A investigação foi aberta em 29 de maio, após uma denúncia apresentada pelo Instituto Hippocampus, organização que atua há três décadas na conservação da espécie. Segundo a entidade, as alterações genéticas observadas estariam relacionadas às atividades de dragagem realizadas no porto e aos impactos provocados pelo derramamento de óleo que atingiu o litoral nordestino em 2019.
De acordo com a denúncia, relatórios técnicos elaborados pelo instituto identificaram mutações em aproximadamente 20% dos embriões de cada ninhada analisada.
Os casos foram registrados em cavalos-marinhos encontrados na Ilha de Cocaia, localizada no município do Cabo de Santo Agostinho.
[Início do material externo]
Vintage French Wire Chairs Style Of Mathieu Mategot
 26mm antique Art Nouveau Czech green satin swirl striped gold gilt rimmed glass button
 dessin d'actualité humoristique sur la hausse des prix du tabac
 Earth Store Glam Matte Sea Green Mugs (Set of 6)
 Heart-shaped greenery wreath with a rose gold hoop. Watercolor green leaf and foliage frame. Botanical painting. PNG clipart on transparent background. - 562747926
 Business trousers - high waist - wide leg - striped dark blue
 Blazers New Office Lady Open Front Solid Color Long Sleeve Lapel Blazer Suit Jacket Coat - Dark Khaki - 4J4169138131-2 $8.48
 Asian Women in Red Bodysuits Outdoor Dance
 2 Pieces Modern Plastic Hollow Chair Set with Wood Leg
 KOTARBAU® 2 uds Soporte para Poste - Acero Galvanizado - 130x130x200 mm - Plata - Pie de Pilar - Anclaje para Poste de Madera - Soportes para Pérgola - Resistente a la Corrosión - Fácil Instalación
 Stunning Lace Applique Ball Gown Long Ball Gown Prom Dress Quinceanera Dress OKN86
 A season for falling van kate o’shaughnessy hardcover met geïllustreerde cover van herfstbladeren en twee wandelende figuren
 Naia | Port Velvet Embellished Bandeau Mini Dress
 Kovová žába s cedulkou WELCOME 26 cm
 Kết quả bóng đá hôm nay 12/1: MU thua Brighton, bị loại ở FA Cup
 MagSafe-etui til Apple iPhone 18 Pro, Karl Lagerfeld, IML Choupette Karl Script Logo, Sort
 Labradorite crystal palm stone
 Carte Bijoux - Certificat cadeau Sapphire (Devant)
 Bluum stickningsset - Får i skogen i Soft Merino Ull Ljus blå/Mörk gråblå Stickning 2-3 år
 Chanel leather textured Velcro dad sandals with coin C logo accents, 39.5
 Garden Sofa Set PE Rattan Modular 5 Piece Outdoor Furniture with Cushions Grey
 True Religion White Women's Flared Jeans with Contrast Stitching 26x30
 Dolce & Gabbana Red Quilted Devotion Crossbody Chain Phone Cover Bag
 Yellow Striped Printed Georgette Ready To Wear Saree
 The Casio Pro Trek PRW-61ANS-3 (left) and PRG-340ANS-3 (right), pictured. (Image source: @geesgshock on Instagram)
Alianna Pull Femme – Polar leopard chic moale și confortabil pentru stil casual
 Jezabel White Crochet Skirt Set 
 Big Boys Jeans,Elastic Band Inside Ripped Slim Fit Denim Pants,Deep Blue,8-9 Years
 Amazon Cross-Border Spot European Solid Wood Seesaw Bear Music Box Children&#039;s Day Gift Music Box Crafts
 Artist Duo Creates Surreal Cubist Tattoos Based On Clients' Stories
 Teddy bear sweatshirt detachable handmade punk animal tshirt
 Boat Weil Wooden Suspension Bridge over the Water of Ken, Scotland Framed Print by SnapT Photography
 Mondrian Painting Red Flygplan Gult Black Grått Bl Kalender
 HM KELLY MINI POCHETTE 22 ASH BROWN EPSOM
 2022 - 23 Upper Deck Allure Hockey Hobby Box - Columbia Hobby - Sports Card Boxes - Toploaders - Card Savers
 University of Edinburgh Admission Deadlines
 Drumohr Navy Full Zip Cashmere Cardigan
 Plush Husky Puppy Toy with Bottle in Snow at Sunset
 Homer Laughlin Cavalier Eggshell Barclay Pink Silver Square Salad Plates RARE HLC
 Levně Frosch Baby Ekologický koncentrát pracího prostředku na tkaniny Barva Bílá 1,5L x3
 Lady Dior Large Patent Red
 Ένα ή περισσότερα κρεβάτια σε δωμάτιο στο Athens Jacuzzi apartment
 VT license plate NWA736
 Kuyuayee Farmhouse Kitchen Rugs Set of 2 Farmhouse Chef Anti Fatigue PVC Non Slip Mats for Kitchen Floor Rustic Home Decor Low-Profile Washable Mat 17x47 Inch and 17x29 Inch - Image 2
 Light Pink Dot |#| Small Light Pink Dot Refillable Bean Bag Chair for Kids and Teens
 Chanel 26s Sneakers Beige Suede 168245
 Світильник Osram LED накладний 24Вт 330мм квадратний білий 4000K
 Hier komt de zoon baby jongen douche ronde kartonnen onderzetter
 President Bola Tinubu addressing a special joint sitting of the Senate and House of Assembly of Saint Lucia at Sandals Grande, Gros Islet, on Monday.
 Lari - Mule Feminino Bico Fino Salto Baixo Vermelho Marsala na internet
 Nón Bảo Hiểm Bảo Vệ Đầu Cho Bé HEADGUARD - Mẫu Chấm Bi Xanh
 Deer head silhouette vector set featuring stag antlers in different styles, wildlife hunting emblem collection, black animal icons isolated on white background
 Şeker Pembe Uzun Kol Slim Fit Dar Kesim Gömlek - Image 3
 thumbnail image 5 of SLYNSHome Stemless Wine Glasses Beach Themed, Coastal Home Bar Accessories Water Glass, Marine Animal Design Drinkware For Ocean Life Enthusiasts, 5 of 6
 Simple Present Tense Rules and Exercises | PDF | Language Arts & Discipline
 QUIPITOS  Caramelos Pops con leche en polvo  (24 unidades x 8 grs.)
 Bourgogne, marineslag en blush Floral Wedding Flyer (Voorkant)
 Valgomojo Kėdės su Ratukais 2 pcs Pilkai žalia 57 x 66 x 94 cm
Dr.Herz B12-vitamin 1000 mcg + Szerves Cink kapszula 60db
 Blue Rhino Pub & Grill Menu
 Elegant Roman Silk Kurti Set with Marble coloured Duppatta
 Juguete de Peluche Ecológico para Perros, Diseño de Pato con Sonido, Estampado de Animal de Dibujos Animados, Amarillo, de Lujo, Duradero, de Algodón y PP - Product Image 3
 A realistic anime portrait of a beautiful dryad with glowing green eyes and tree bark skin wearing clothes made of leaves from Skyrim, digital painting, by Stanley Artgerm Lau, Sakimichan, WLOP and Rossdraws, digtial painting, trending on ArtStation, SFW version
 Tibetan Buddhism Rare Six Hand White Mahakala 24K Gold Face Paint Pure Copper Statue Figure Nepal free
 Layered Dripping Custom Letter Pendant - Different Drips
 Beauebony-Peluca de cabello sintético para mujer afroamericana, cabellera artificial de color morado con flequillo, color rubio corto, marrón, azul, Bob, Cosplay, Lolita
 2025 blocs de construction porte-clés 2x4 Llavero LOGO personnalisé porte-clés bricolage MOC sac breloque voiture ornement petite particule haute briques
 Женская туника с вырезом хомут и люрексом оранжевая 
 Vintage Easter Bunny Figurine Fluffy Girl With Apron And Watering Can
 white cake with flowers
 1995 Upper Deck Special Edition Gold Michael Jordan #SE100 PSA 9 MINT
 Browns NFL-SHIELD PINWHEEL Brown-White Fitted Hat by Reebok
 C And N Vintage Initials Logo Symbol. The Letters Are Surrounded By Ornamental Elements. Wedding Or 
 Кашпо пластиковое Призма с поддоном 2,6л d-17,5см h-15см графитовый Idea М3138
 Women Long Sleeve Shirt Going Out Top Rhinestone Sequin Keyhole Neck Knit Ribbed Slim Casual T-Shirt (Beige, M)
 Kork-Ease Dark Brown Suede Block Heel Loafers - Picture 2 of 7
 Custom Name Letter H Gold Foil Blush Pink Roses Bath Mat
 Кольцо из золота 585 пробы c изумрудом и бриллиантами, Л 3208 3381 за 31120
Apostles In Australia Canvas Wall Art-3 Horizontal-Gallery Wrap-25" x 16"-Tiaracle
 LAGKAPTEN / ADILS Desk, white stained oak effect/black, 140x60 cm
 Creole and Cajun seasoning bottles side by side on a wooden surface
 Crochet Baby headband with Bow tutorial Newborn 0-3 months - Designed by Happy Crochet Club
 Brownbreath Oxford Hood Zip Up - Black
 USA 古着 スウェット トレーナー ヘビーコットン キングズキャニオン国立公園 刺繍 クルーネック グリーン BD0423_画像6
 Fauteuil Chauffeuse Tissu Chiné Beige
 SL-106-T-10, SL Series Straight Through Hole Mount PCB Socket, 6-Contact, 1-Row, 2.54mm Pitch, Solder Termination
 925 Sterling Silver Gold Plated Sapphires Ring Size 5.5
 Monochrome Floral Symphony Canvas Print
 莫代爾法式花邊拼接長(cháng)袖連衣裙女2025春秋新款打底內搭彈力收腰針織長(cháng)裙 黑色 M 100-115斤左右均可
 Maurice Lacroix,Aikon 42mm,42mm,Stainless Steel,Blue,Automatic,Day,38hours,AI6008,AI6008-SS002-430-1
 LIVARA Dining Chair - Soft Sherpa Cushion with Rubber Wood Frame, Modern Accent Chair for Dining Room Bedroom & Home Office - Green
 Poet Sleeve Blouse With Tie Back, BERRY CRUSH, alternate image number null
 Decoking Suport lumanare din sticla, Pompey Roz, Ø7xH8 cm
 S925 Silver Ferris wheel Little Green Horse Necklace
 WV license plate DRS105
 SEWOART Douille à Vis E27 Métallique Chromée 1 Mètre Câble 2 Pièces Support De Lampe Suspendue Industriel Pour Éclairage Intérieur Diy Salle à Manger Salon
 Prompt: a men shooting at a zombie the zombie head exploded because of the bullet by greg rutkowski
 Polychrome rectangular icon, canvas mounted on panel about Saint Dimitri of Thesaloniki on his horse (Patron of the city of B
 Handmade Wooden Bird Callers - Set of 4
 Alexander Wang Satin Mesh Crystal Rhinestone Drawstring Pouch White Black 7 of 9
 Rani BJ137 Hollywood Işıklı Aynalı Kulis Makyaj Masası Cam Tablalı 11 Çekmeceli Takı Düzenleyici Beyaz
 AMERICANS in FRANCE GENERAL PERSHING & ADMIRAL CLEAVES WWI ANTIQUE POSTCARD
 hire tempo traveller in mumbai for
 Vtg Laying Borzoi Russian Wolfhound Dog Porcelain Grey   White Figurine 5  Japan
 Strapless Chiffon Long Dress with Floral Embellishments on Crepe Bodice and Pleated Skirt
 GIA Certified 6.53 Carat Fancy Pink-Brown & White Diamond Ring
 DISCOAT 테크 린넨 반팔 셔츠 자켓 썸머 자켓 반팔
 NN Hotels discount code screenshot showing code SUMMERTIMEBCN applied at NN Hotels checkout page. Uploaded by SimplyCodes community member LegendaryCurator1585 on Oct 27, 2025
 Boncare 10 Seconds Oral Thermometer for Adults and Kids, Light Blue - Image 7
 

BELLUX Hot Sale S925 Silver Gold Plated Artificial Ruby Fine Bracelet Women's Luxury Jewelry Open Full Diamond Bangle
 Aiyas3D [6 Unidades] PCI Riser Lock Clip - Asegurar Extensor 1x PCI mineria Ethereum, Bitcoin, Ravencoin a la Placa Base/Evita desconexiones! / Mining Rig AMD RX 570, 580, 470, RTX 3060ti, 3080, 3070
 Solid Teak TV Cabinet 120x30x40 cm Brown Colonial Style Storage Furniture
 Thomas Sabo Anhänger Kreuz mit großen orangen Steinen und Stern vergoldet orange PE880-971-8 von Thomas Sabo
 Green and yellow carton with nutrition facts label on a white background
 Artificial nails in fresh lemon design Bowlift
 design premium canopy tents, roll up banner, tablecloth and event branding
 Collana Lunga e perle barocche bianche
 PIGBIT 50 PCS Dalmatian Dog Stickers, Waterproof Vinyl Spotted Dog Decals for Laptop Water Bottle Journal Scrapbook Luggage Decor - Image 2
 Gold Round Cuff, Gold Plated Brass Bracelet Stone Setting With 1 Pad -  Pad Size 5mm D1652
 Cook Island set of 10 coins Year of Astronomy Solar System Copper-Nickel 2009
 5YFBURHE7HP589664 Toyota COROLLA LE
A região, assim como Ipojuca e Tamandaré, esteve entre as mais afetadas pelo desastre ambiental causado pelo óleo.
O documento também aponta que a ausência de medidas de resgate e reabilitação dos animais afetados teria provocado a morte de diversos exemplares em razão de malformações consideradas letais, comprometendo a sobrevivência das populações da espécie nos manguezais dos estuários de Suape.
Outro ponto levantado na denúncia diz respeito às operações de dragagem no porto. Segundo o Instituto Hippocampus, os serviços teriam sido executados sem a remoção prévia dos cavalos-marinhos existentes na área, o que teria provocado a morte de um número ainda indeterminado de animais.
Como evidência, o instituto apresentou ao MPF um vídeo gravado por um pescador da região que mostra dez cavalos-marinhos mortos. Entre eles, havia dois machos grávidos que, juntos, carregavam 382 embriões, posteriormente contabilizados em laboratório.
A denúncia também afirma que a administração do Complexo de Suape suspendeu o apoio prestado aos animais mantidos em reabilitação pelo Instituto Hippocampus, incluindo o fornecimento de alimentação, além de comprometer a estrutura utilizada pelos pesquisadores para o desenvolvimento das atividades científicas.
O procedimento instaurado pelo Ministério Público Federal busca apurar os fatos e verificar eventual responsabilidade pelos impactos ambientais apontados na denúncia.